**TASK TO CARRY OUT**
With the pictures left out, restate exactly the part below that opens with the line containing "96352845 General Motors Filtro aceite" and closes with the line containing "Mesa Lateral Dodona Blanco - Kessa Muebles".

**RECORDS**
------------------------------------------------------------
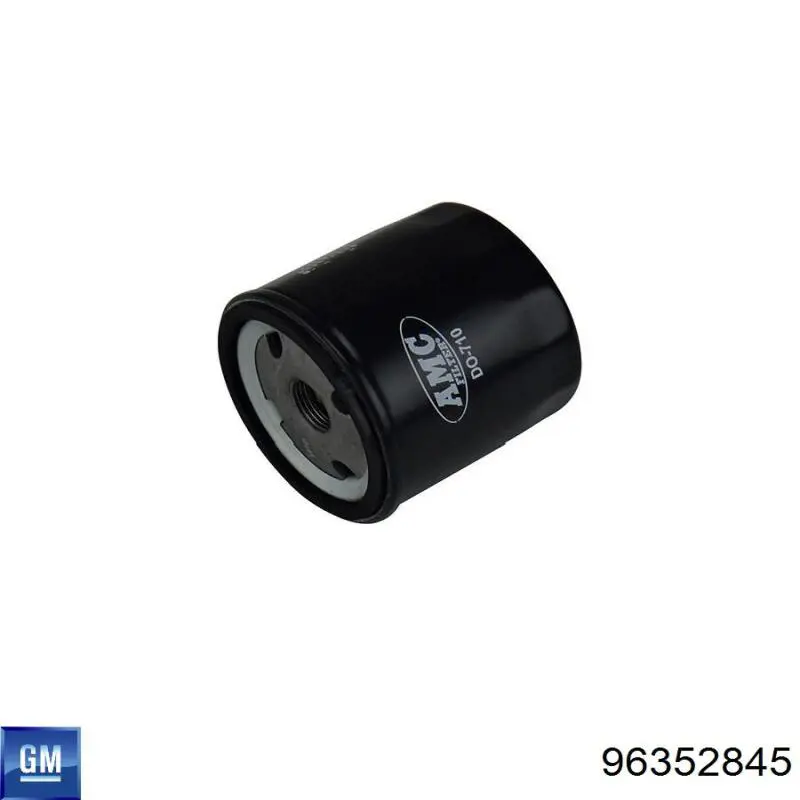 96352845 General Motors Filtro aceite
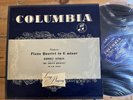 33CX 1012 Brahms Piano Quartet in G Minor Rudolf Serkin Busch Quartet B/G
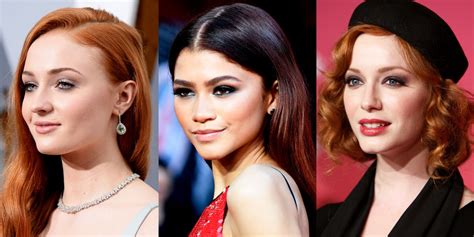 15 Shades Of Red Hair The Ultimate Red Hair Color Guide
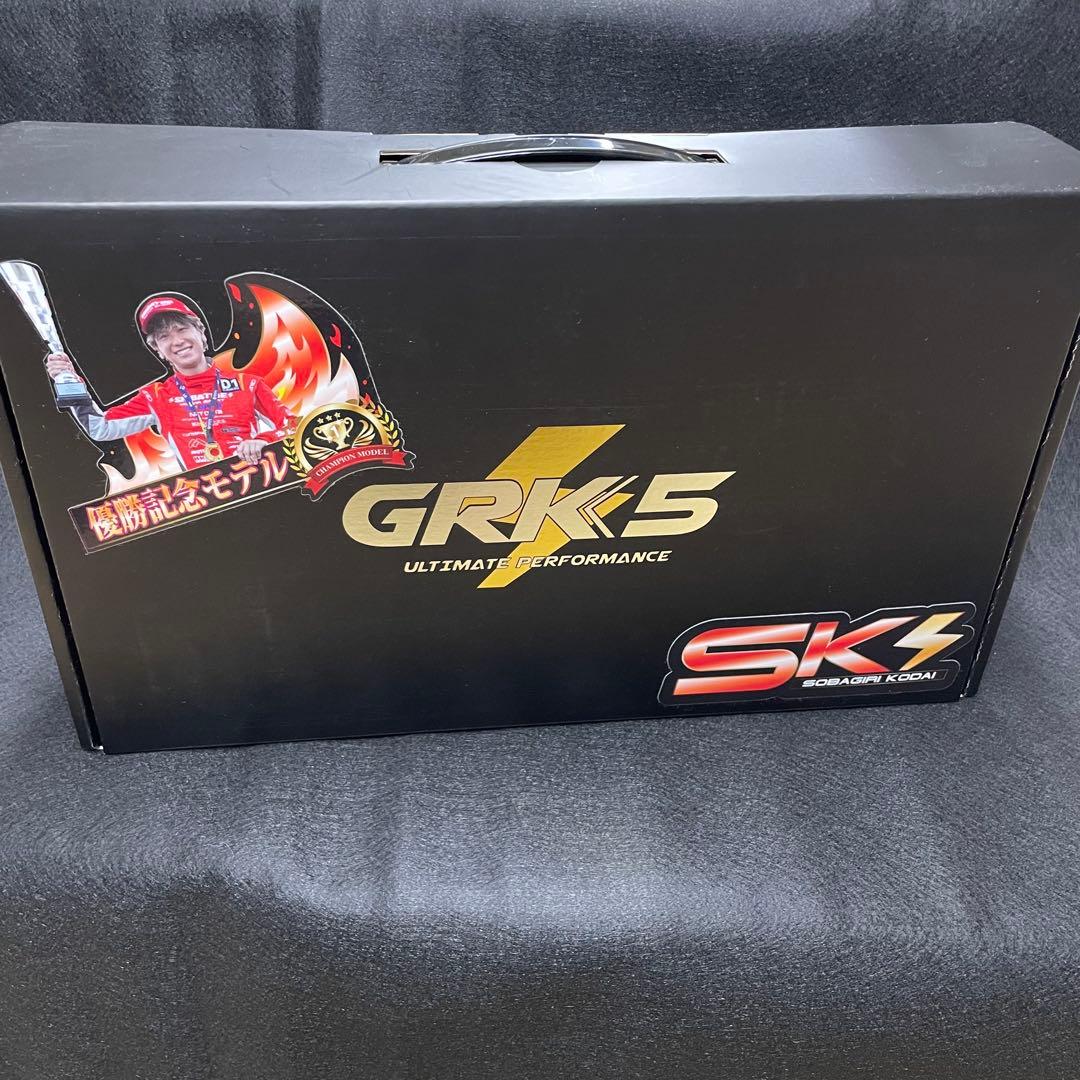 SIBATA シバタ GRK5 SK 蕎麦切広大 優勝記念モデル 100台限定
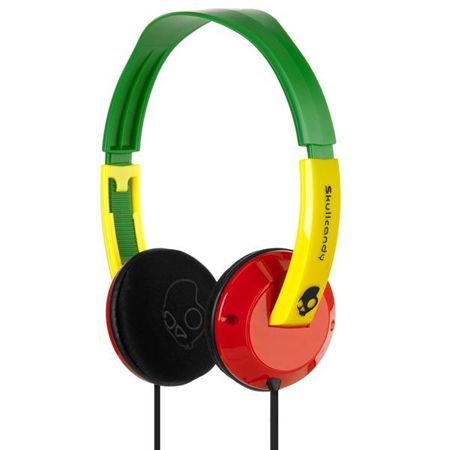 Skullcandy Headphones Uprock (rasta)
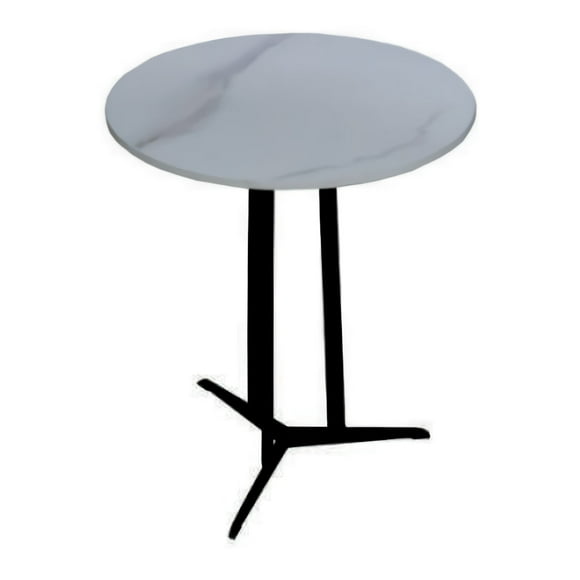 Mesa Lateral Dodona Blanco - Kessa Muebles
------------------------------------------------------------
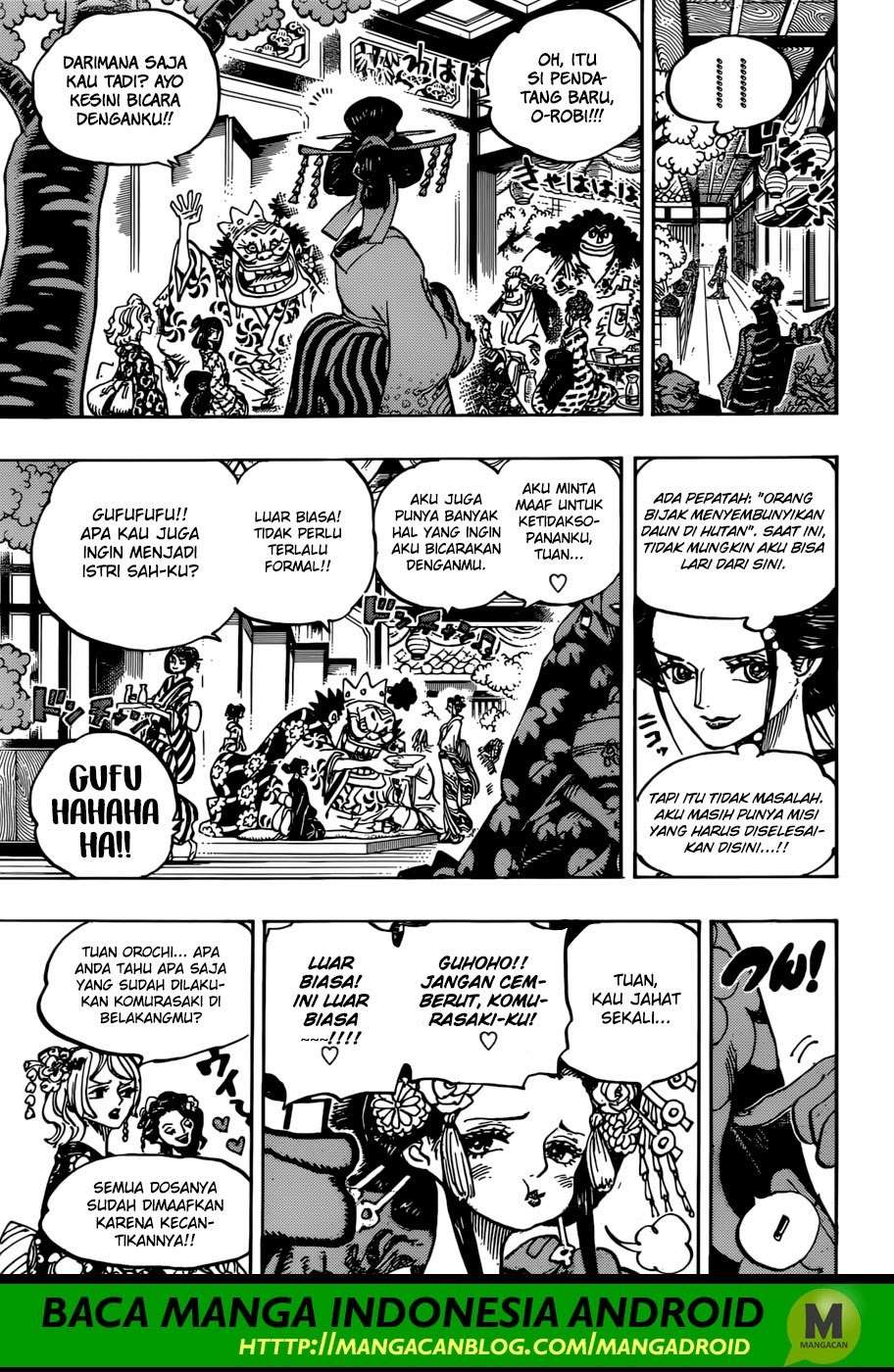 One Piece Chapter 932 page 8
------------------------------------------------------------
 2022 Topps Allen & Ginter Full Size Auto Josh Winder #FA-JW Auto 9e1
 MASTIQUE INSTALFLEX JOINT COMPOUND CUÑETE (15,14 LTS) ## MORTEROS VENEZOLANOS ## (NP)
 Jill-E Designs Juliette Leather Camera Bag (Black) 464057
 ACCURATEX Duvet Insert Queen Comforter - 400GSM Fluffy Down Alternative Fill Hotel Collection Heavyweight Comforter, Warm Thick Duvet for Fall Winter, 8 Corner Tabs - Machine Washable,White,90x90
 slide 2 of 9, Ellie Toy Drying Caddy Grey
------------------------------------------------------------
**SOLUTION FOR THIS TASK**
 96352845 General Motors Filtro aceite
 33CX 1012 Brahms Piano Quartet in G Minor Rudolf Serkin Busch Quartet B/G
 15 Shades Of Red Hair The Ultimate Red Hair Color Guide
 SIBATA シバタ GRK5 SK 蕎麦切広大 優勝記念モデル 100台限定
 Skullcandy Headphones Uprock (rasta)
 Mesa Lateral Dodona Blanco - Kessa Muebles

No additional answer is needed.